Date: 02/13/2002 at 02:16:47
From: Mike Smith
Subject: Divisibility proof for odd integers

I really like your site. I'm an applied math major and I enjoy 
reading your college and beyond section often. That said, here's my 

How can I prove that for all odd integers N, N^3 - N is divisible by 
8? I know it's divisible by 4, I've gotten that far (using a 2k+1 
sub. for N^3 - N and pulling out 4 as a factor) already. Where next? 
I want to say that 

>> if a number is divisible by 4 and it is divisible by 2, then it is 
divisible by 8.

I know that this is incorrect. 28, voila.

I'm only a beginner in the proofwriting realm, so any direction would 
be helpful.  I'm sure it's something obvious that I'm overlooking...

Thank you,

Date: 02/13/2002 at 02:48:02
From: Doctor Schwa
Subject: Re: Divisibility proof for odd integers

Hi Mike,

Sounds like you're off to a great start on this problem!

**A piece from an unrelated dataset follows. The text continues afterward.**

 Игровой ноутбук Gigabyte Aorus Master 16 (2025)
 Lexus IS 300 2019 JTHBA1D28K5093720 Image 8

With your approach, N = 2k+1, you get
(2k+1)^3 - (2k+1) = 8k^3 + 12k^2 + 4k, right?

Now that is 4(2k^3 + 3k^2 + k), or, factoring, you have 
4k(2k+1)(k+1) ...

What I notice there is that you have both k and k+1 as factors, one of 
which must be even ... and thus the problem is solved.

I took a slightly different approach from the beginning, with a little
less messy algebra but slightly more subtle reasoning necessary:

n^3 - n = n(n+1)(n-1).

Now if n is odd, n+1 and n-1 are both even, and of any two consecutive 
even numbers like that, what can you conclude?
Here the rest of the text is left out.